Bringing mx2001 back into service
Closed, ResolvedPublic

Description

Due to T297127 and T297017 mx2001 was removed from service for the weekend.

The current state on mx2001 is puppet disabled, exim4 stopped and kernel has been downgraded (manually via grub boot menu AFAIK).

Additionally recent changes to MX priority and ldap routing have been reverted -- Mx1001 is currently the primary both in terms of MX and exim smarthost priorities.

AIUI we'll be sticking with the present 5.10.0-8-amd64 kernel for the holiday period, and postpone follow up kernel upgrades until the new year.

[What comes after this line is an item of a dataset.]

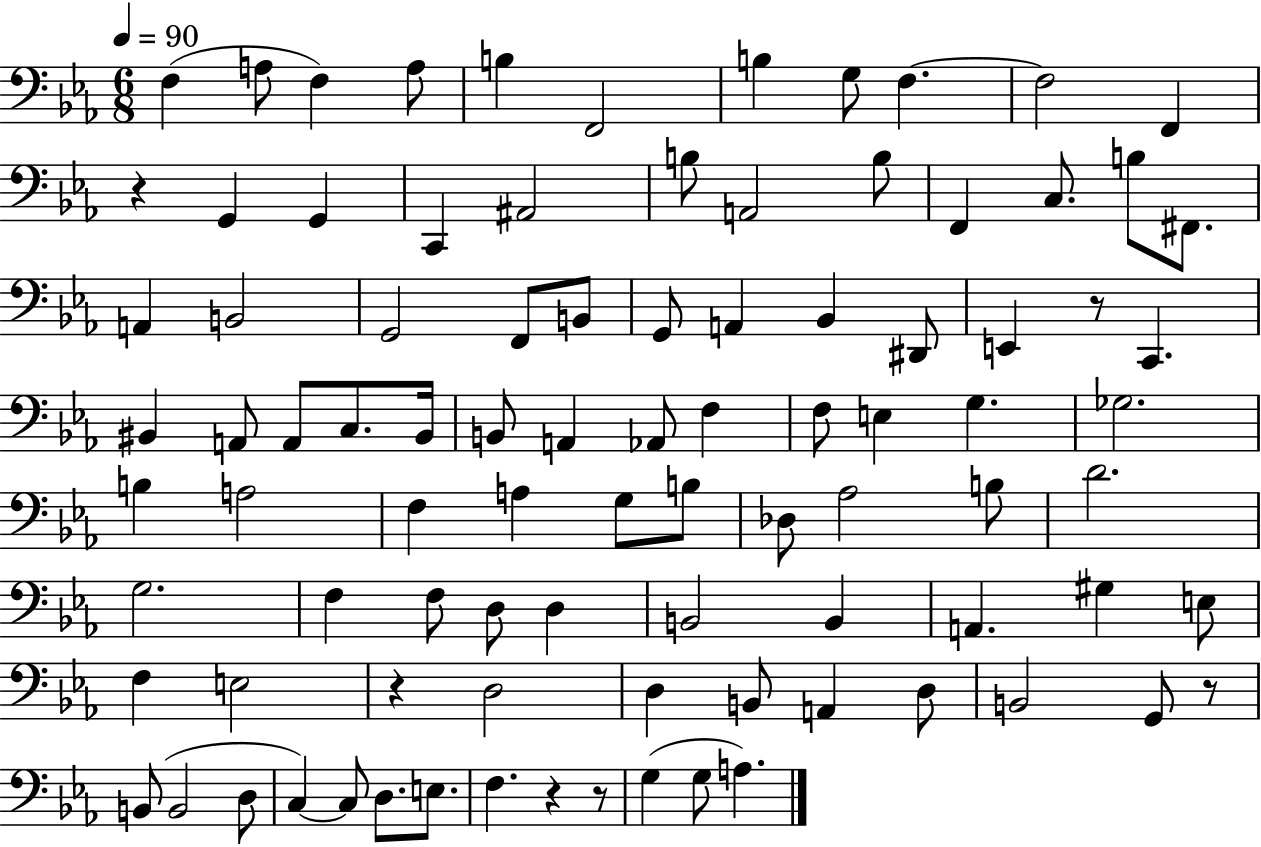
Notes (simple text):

F3/q A3/e F3/q A3/e B3/q F2/h B3/q G3/e F3/q. F3/h F2/q R/q G2/q G2/q C2/q A#2/h B3/e A2/h B3/e F2/q C3/e. B3/e F#2/e. A2/q B2/h G2/h F2/e B2/e G2/e A2/q Bb2/q D#2/e E2/q R/e C2/q. BIS2/q A2/e A2/e C3/e. BIS2/s B2/e A2/q Ab2/e F3/q F3/e E3/q G3/q. Gb3/h. B3/q A3/h F3/q A3/q G3/e B3/e Db3/e Ab3/h B3/e D4/h. G3/h. F3/q F3/e D3/e D3/q B2/h B2/q A2/q. G#3/q E3/e F3/q E3/h R/q D3/h D3/q B2/e A2/q D3/e B2/h G2/e R/e B2/e B2/h D3/e C3/q C3/e D3/e. E3/e. F3/q. R/q R/e G3/q G3/e A3/q.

So I think it'd be worthwhile to persist the kernel config, in case mx2001 is rebooted.

Creating this task to track steps to stabilize mx2001 and bring it back into service.

Event Timeline

re: making current kernel version persistent

The one running now was selected in grub but wasn't the default selection. Either edit grub menu or .. and I would consider this easier and more fail safe: just apt-get remove the broken, newer kernel?!

re: making current kernel version persistent

The one running now was selected in grub but wasn't the default selection. Either edit grub menu or .. and I would consider this easier and more fail safe: just apt-get remove the broken, newer kernel?!

I'll remove these fleet-wide via https://phabricator.wikimedia.org/T297180

I see the running kernel is now the only version installed, looks good. Is there anything else to do before re-enabling puppet on mx2001 & re-enabling exim? MX and smarthost priorities would still have mx1001 as primary and mx2001 as backup, but it would be good to restore redundancy for the MXes soon.

thanks for the reminder @herron I will do that now

herron claimed this task.

Resolving as everything in the description has now been done. Please reopen if anything else is needed!

Somebody clicked "disable active checks" on Icinga for mx2001. The opposite of "active checks" is "expect passive checks" though. That's not the proper way to disable monitoring since it means this will probably sit there forever as "OK" without actually checking anything and we would never notice.

Instead, use downtimes that have a pre-configured end. Those we won't forget. Or if that is not an option, rather do "disable notifications". These are at least a bit more obvious than the "fake passive checks".

I'll fix that and re-enable monitoring on mx2001.

Mentioned in SAL (#wikimedia-operations) [2021-12-14T17:21:27Z] <mutante> icinga - re-enabling active monitoring checks on mx2001 (T297128)